* [WHAT IS NEEDED]:
Print the listing below verbatim, passing over each picture.

* [DATA FOR THIS EXERCISE]:
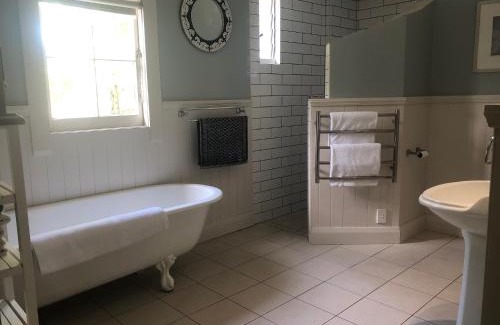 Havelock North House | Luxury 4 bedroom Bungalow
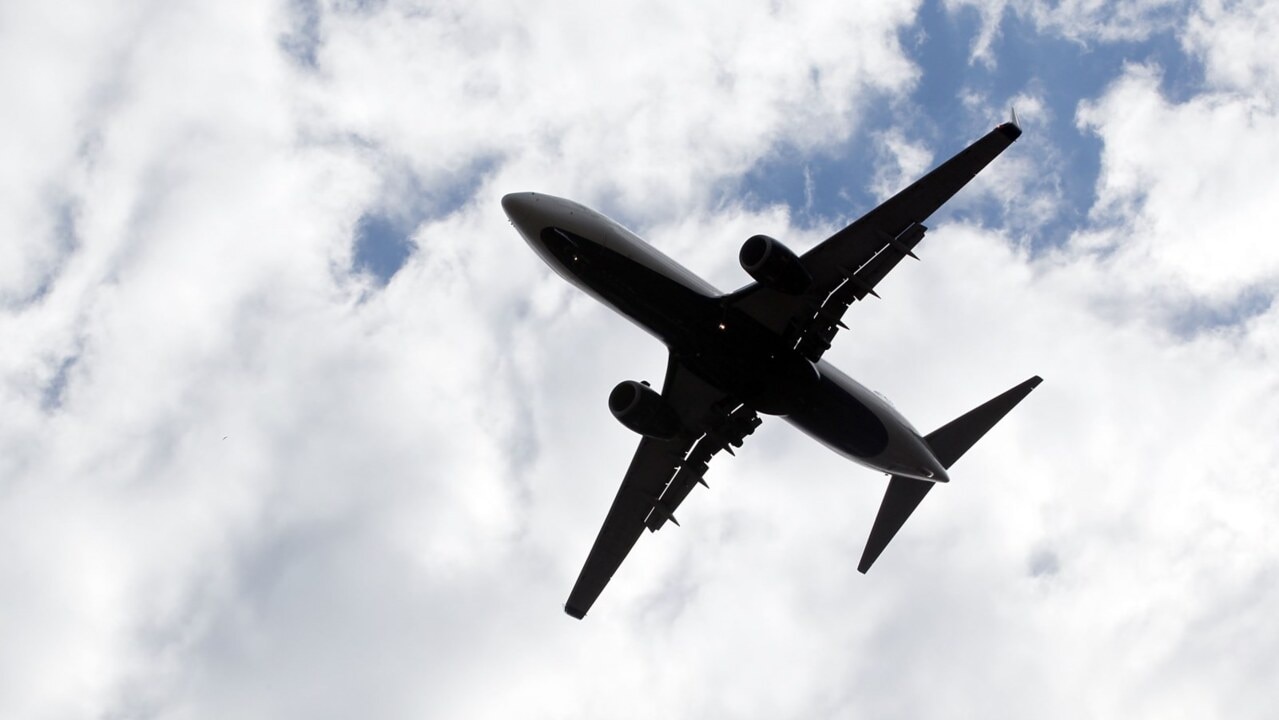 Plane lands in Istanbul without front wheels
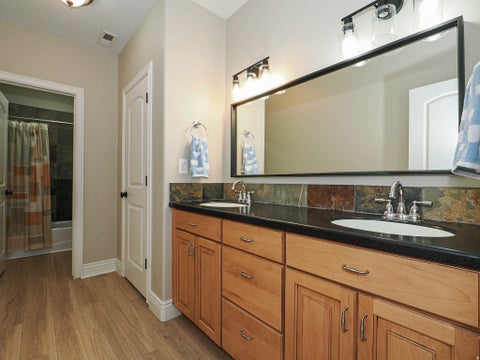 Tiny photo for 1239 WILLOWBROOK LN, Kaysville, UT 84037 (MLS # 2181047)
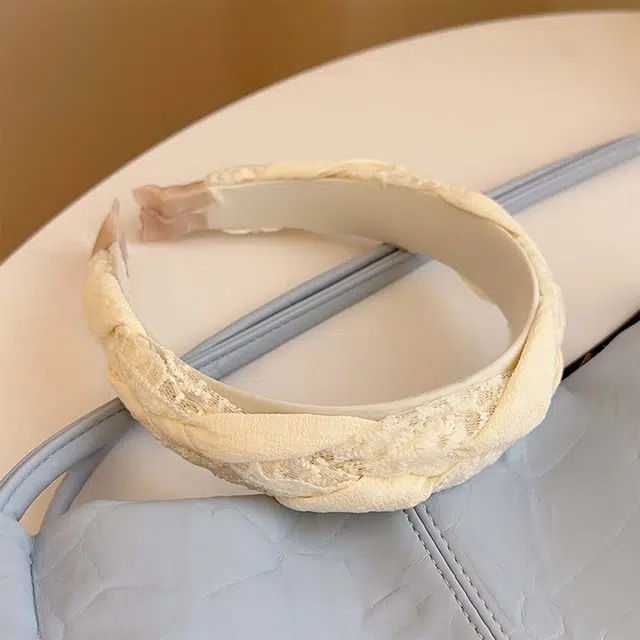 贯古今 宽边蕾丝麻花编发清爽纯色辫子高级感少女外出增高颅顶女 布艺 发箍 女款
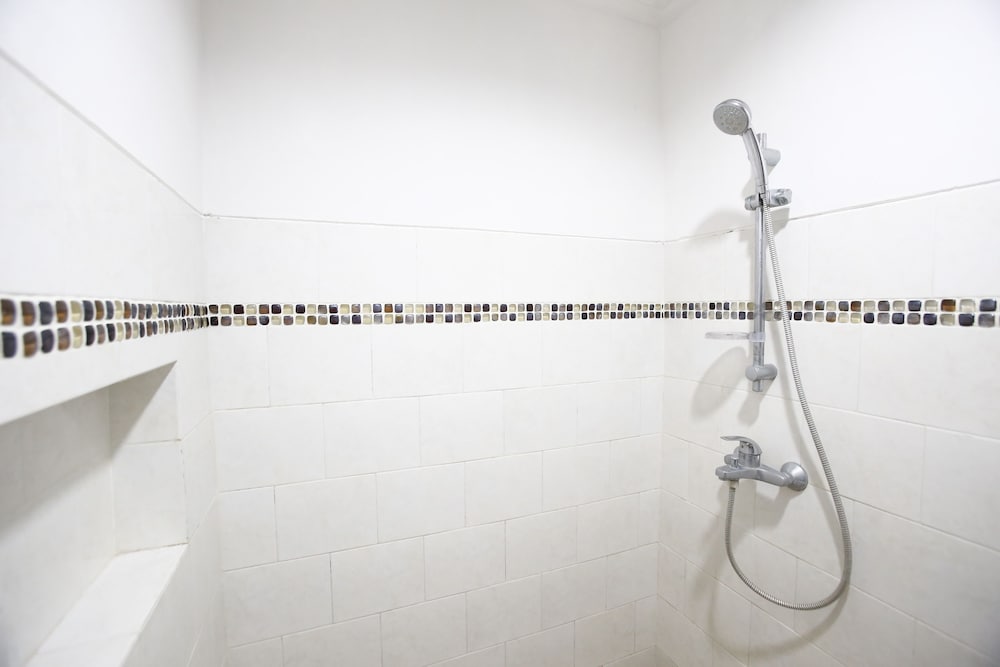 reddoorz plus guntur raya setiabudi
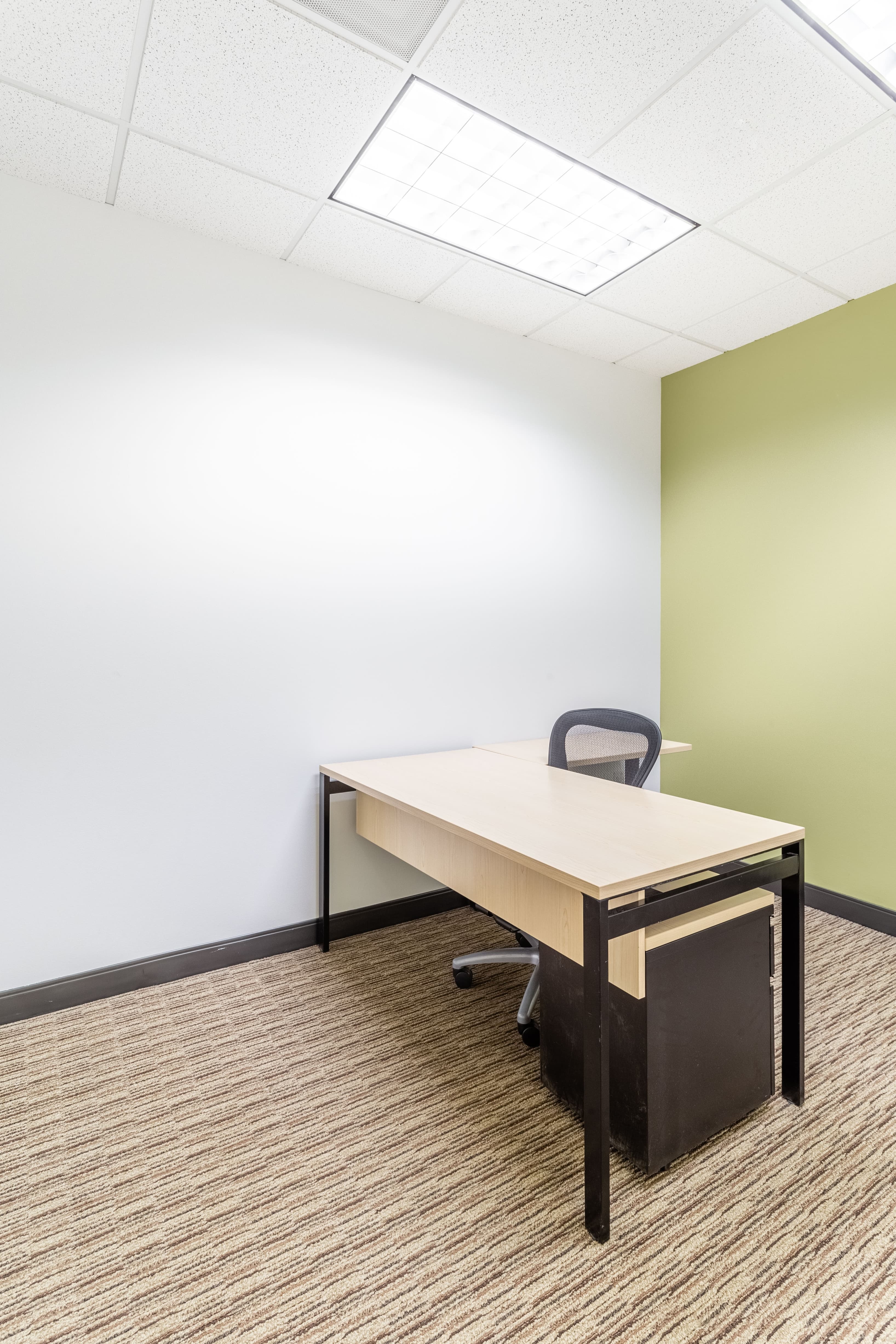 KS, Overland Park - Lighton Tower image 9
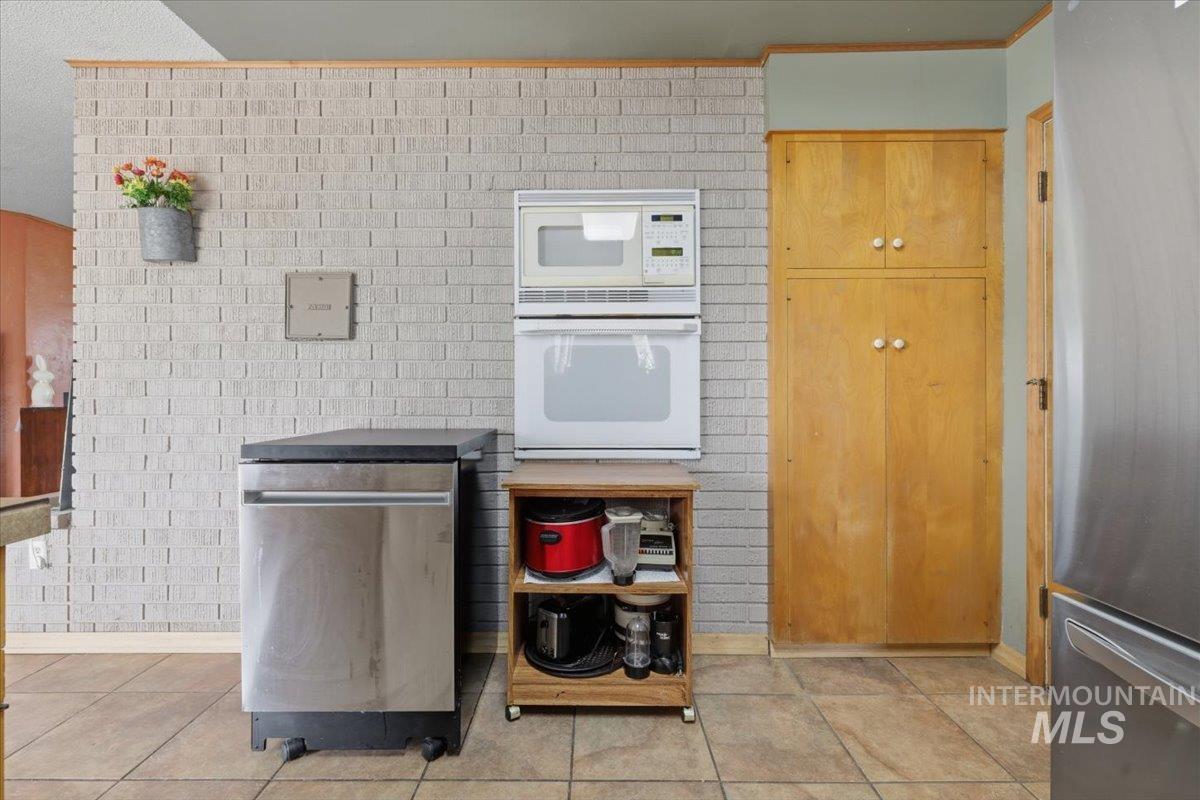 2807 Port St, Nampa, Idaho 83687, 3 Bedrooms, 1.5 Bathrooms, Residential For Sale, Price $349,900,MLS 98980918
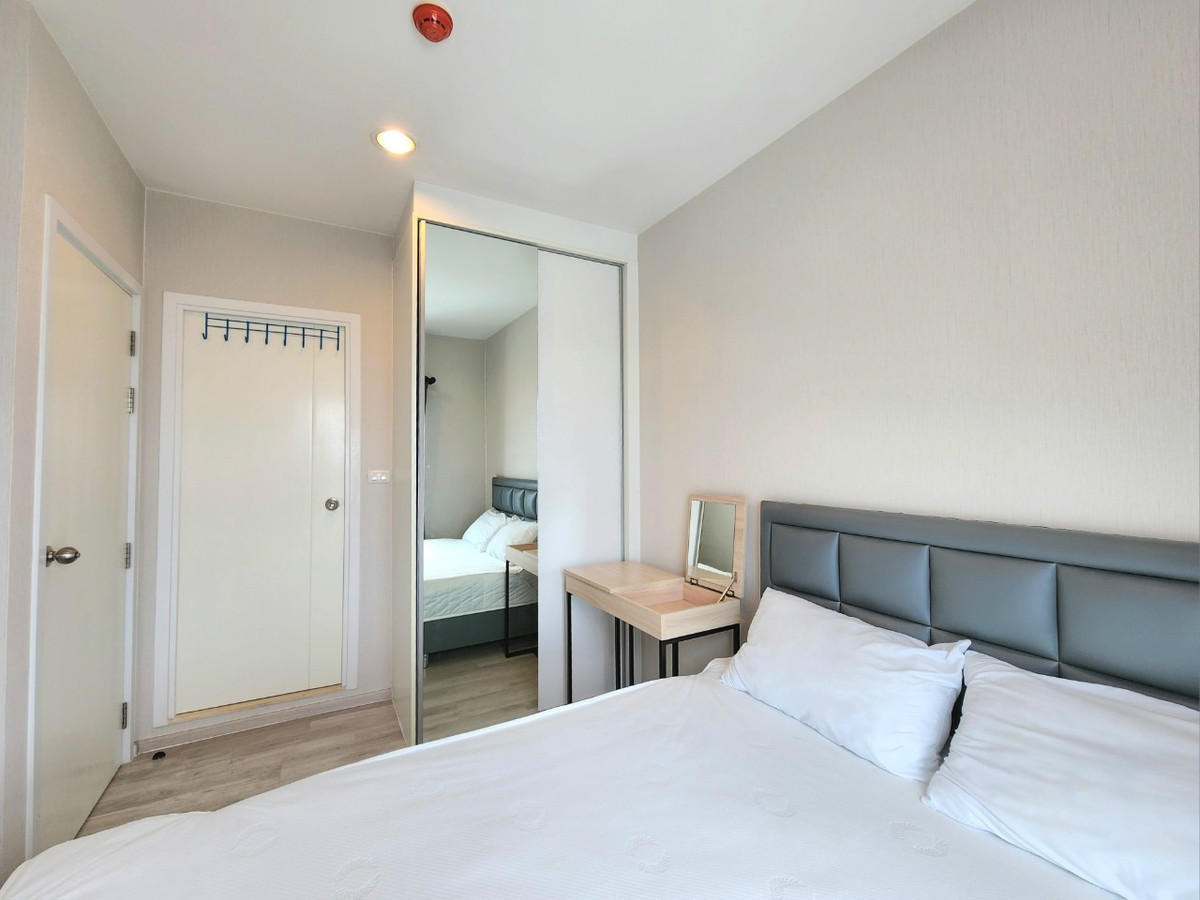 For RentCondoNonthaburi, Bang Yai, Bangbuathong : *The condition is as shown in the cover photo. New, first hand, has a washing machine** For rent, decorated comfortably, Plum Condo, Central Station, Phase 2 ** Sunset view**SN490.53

* [YOUR RESPONSE]:
 Havelock North House | Luxury 4 bedroom Bungalow
 Plane lands in Istanbul without front wheels
 Tiny photo for 1239 WILLOWBROOK LN, Kaysville, UT 84037 (MLS # 2181047)
 贯古今 宽边蕾丝麻花编发清爽纯色辫子高级感少女外出增高颅顶女 布艺 发箍 女款
 reddoorz plus guntur raya setiabudi
 KS, Overland Park - Lighton Tower image 9
 2807 Port St, Nampa, Idaho 83687, 3 Bedrooms, 1.5 Bathrooms, Residential For Sale, Price $349,900,MLS 98980918
 For RentCondoNonthaburi, Bang Yai, Bangbuathong : *The condition is as shown in the cover photo. New, first hand, has a washing machine** For rent, decorated comfortably, Plum Condo, Central Station, Phase 2 ** Sunset view**SN490.53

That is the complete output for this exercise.